Este estallido social no nos debe ser ajeno. De hecho, no hay modelo económico más parecido al de Chile, que el de Perú. Ayer dije esto en Twitter y se armó la polémica. Muchos me señalaron las diferencias que existen entre los dos países; en especial la informalidad rampante en el Perú, donde la mayoría de trabajadores no tiene ni siquiera los derechos laborales más básicos. El pago de impuestos, la complejidad del territorio, las fuentes de energía, los sistemas universitarios; todas estas son diferencias importantes. Sin embargo, la comparación sigue siendo válida: los dos países de Sudamérica que impusieron el modelo económico neoliberal de manera más radical son Chile y Perú.
Hay cosas que los peruanos hemos naturalizado, pero no tienen nada de naturales. Un amigo argentino viene de realizarse un complejo tratamiento de salud que ha incluido una intervención quirúrgica, hospitalización y seis meses de terapias, y todo ello ha sido gratuito y oportuno gracias al sistema de salud pública de ese país. «Aquí en Chile ya estaría endeudado por años por ese tratamiento», me explica. Y si estuviera en Perú, hubiera tenido que hacer polladas y rifas prosalud, apelando a la solidaridad colectiva para aquello que el sistema no puede resolver.
Lo mismo ocurre con la educación, las AFP, la vivienda. Para la minoría que tiene ingresos aceptables, parece que el sistema funciona; pero para la mayoría, la vida es una angustia plagada de precariedad e incertidumbre. Un accidente o una enfermedad puede destruir la economía familiar; garantizar educación a tus hijos es un esfuerzo monumental; la vivienda no es un derecho básico: Es la epopeya de toda una vida; y las pensiones de la mayoría de adultos mayores son un insulto a la necesidad.

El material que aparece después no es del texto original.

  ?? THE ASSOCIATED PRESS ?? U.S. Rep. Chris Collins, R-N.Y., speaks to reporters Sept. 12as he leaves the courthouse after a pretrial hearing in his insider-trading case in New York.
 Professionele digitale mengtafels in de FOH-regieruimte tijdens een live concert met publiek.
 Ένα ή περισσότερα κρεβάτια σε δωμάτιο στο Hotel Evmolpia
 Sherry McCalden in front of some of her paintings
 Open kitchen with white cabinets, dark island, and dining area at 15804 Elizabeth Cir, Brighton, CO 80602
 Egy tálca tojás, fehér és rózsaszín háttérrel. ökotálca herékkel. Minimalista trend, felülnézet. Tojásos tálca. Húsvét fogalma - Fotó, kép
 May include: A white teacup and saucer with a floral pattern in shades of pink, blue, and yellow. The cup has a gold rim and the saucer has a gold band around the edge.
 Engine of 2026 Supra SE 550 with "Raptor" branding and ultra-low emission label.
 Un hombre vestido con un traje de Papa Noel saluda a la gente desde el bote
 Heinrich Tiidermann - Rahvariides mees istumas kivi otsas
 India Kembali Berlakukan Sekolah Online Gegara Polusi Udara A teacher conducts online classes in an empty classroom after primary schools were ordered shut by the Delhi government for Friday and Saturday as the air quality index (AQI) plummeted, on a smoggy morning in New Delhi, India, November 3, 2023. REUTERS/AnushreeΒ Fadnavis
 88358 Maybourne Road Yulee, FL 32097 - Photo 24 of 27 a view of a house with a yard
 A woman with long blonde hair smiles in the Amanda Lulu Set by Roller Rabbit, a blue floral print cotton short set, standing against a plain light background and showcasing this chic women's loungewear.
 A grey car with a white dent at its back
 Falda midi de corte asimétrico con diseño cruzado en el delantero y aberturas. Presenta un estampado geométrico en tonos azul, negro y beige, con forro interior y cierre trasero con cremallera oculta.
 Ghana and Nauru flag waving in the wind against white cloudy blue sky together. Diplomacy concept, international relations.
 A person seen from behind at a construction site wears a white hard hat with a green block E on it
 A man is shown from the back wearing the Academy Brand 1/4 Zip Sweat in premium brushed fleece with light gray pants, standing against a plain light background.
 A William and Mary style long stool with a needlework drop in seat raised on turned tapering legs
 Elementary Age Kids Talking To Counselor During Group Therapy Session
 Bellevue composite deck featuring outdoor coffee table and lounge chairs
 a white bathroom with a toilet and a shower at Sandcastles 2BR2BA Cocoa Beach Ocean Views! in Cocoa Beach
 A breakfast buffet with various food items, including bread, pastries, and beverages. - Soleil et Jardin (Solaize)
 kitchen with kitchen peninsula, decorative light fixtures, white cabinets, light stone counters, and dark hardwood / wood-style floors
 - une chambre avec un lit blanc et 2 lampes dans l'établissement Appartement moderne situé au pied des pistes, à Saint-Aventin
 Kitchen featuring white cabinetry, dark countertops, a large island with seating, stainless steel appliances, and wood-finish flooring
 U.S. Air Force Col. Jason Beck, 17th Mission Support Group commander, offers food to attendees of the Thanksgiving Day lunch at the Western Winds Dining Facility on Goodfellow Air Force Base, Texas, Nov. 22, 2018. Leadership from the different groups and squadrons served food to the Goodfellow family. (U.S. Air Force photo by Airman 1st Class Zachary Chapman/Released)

La implantación del modelo neoliberal, que favorece la inversión privada en desmedro de los derechos sociales y convierte todo en negocio, fue más radical en Chile y Perú porque en ambos casos se realizó en contextos de dictadura. Pinochet entre los años 70 y 80, y Fujimori en la década del 90, impusieron reformas profundas que no hubieran sido viables políticamente en democracia. Esa es la razón por la cual en otros países vecinos, como Argentina, Brasil, Bolivia, Ecuador o Colombia, se realizaron reformas mixtas que conservaron algunos rasgos de protección social o un mayor rol del Estado en la economía.
Insisto, hay diferencias. En Perú la educación estatal sigue siendo gratuita. Pero lo cierto es que el Estado la abandonó a su suerte, propiciando el crecimiento de la educación negocio, en muchos casos de dudosa calidad. En Chile, la principal empresa de cobre sigue siendo del Estado, lo que garantiza un ingreso importante al país, mientras que en Perú todas las empresas mineras fueron privatizadas.
Además, en estos años ha habido algunas reformas. En Chile, por ejemplo, las protestas estudiantiles de 2011 obligaron a implementar un programa que se llama «gratuidad», aunque no es exactamente educación universitaria gratuita. En Perú, años de lucha estudiantil invisibilizada también pusieron en agenda la necesidad de una reforma universitaria, y ahora existe una SUNEDU que está corrigiendo los excesos de la educación negocio. Sin embargo, en ambos casos se trata de reformas bastante específicas que no ponen en cuestión las líneas maestras de un modelo que prioriza la generación de ganancia privada a costa de los derechos sociales, y que tiende por lo tanto a incrementar la desigualdad. La pregunta es, ¿cuándo y cómo reventará la crisis social en Perú?